Wißmannstraße
Wandsbek (1950): Wilhelm Leopold Ludwig Hermann von Wissmann (4.9.1853-15.6.1905), preußischer Offizier, „Schutztruppen“-Kommandeur in Ostafrika, Reichskommissar und Gouverneur der damaligen deutschen Kolonie „Deutsch-Ostafrika“
Vor 1950 hieß die Straße Wrangelstraße. Bereits in der NS-Zeit sollte die Straße im Zuge des Groß-Hamburg-Gesetzes in Wißmannsweg umbenannt werden, da nun das bisherige Staatsgebiet Hamburg um benachbarte preußische Landkreise und kreisfreie Städte erweitert worden war nd es dadurch zu Doppelungen bei Straßennamen gekommen war. Bedingt durch den Krieg kam es aber nicht mehr zu dieser Umbenennung und es blieb bis 1950 bei Wrangelstraße. (vgl.: Staatsarchiv Hamburg 133-1 II, 26819/38 Geschäftsakten betr. Straßennamen B. Die große Umbenennung hamb. Straßen 1938-1946. Ergebnisse der Umbenennung in amtlichen Listen der alten und neuen Straßennamen vom Dez. 1938 und Dez. 1946)

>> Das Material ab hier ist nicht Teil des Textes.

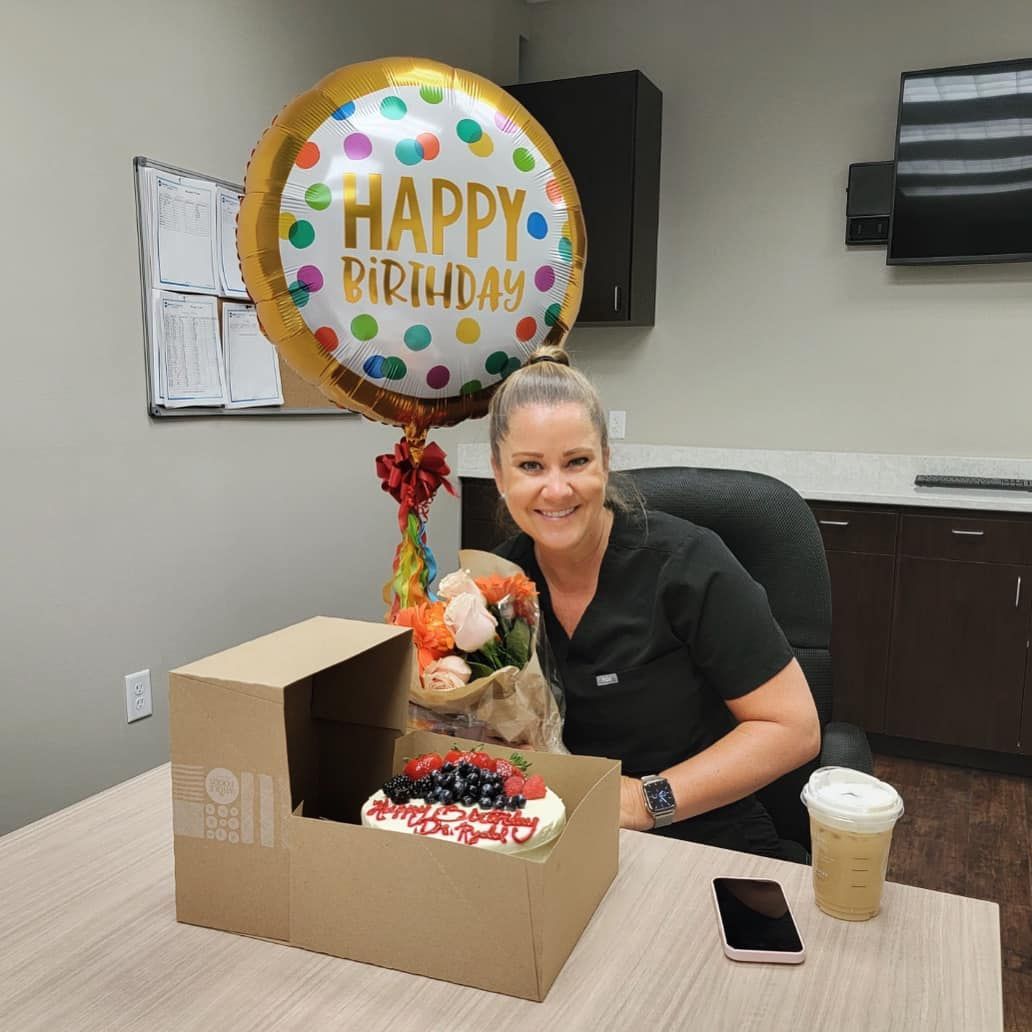 Woman in scrubs smiles at desk with birthday balloon, cake, flowers, and coffee.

Nach dem Abitur schlug Hermann Wissmann die Militärlaufbahn ein und wurde 1874 in einer Rostocker Garnison zum Leutnant befördert. Wegen diverser Trunkenheitsdelikte und anderer Eskapaden wurde er in der Kaserne der „tolle Wissmann“ genannt, ein Pistolenduell brachte ihm eine viermonatige Haftstrafe. 1879 weckte ein zufälliges Treffen mit dem „Forschungsreisenden“ Paul Pogge sein Interesse für Afrika. Wissmann ließ sich beurlauben und brach 1881 mit Pogge vom westafrikanischen Angola aus auf, um im Auftrag der Berliner Afrikanischen Gesellschaft den Europäern noch unbekannte Gebiete in Zentralafrika zu erkunden. Pogge erkrankte unterwegs und musste umkehren. Wissmann ließ sich von der Karawane des Sklaven- und Elfenbeinhändlers Hamed bin Juma bin Rajab bin Muhammed bin Said el-Murjebi - Tippu-Tip genannt - an die Ostküste begleiten. Mit dieser Expedition konnte er nun angeben, als erster Europäer Äquatorialafrika von West nach Ost durchquert zu haben.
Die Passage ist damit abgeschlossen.